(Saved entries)
□ □ □ □ □

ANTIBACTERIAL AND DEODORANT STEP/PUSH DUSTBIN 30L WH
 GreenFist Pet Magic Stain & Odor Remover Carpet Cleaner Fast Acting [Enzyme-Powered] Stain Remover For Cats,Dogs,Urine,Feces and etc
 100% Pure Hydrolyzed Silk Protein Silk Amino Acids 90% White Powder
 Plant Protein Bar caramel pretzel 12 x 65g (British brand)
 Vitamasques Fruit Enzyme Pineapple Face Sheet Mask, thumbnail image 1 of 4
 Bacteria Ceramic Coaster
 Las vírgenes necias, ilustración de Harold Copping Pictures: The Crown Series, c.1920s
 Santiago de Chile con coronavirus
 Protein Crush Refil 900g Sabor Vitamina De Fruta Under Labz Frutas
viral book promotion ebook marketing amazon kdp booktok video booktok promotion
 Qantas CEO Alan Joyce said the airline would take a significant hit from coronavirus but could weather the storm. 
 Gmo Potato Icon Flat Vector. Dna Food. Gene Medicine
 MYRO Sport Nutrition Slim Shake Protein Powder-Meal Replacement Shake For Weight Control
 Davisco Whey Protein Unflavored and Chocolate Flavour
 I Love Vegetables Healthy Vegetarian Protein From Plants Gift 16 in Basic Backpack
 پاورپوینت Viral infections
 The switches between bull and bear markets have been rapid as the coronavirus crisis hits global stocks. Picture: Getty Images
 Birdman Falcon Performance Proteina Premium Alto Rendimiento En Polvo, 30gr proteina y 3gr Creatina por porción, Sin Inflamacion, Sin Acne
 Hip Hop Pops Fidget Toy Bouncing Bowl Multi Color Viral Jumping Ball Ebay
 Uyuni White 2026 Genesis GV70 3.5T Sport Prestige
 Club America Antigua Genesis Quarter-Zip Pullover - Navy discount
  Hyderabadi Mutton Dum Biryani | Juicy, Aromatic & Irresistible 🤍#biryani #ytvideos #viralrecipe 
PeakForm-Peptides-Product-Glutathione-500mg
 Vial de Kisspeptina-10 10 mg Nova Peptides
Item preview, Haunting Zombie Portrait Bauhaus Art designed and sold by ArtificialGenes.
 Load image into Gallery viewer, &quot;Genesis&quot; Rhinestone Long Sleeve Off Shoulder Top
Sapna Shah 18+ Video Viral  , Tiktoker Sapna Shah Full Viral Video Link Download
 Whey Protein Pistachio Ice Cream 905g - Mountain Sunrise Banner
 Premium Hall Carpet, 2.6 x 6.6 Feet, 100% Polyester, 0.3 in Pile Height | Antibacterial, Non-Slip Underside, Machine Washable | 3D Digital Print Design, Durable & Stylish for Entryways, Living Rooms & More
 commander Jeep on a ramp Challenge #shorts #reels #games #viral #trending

□ □ □ □ □

→ **DIRECTIONS**: Exactly and without omission, set down every entry.

→ **TASK RESPONSE**:
ANTIBACTERIAL AND DEODORANT STEP/PUSH DUSTBIN 30L WH
 GreenFist Pet Magic Stain & Odor Remover Carpet Cleaner Fast Acting [Enzyme-Powered] Stain Remover For Cats,Dogs,Urine,Feces and etc
 100% Pure Hydrolyzed Silk Protein Silk Amino Acids 90% White Powder
 Plant Protein Bar caramel pretzel 12 x 65g (British brand)
 Vitamasques Fruit Enzyme Pineapple Face Sheet Mask, thumbnail image 1 of 4
 Bacteria Ceramic Coaster
 Las vírgenes necias, ilustración de Harold Copping Pictures: The Crown Series, c.1920s
 Santiago de Chile con coronavirus
 Protein Crush Refil 900g Sabor Vitamina De Fruta Under Labz Frutas
viral book promotion ebook marketing amazon kdp booktok video booktok promotion
 Qantas CEO Alan Joyce said the airline would take a significant hit from coronavirus but could weather the storm. 
 Gmo Potato Icon Flat Vector. Dna Food. Gene Medicine
 MYRO Sport Nutrition Slim Shake Protein Powder-Meal Replacement Shake For Weight Control
 Davisco Whey Protein Unflavored and Chocolate Flavour
 I Love Vegetables Healthy Vegetarian Protein From Plants Gift 16 in Basic Backpack
 پاورپوینت Viral infections
 The switches between bull and bear markets have been rapid as the coronavirus crisis hits global stocks. Picture: Getty Images
 Birdman Falcon Performance Proteina Premium Alto Rendimiento En Polvo, 30gr proteina y 3gr Creatina por porción, Sin Inflamacion, Sin Acne
 Hip Hop Pops Fidget Toy Bouncing Bowl Multi Color Viral Jumping Ball Ebay
 Uyuni White 2026 Genesis GV70 3.5T Sport Prestige
 Club America Antigua Genesis Quarter-Zip Pullover - Navy discount
  Hyderabadi Mutton Dum Biryani | Juicy, Aromatic & Irresistible 🤍#biryani #ytvideos #viralrecipe 
PeakForm-Peptides-Product-Glutathione-500mg
 Vial de Kisspeptina-10 10 mg Nova Peptides
Item preview, Haunting Zombie Portrait Bauhaus Art designed and sold by ArtificialGenes.
 Load image into Gallery viewer, &quot;Genesis&quot; Rhinestone Long Sleeve Off Shoulder Top
Sapna Shah 18+ Video Viral  , Tiktoker Sapna Shah Full Viral Video Link Download
 Whey Protein Pistachio Ice Cream 905g - Mountain Sunrise Banner
 Premium Hall Carpet, 2.6 x 6.6 Feet, 100% Polyester, 0.3 in Pile Height | Antibacterial, Non-Slip Underside, Machine Washable | 3D Digital Print Design, Durable & Stylish for Entryways, Living Rooms & More
 commander Jeep on a ramp Challenge #shorts #reels #games #viral #trending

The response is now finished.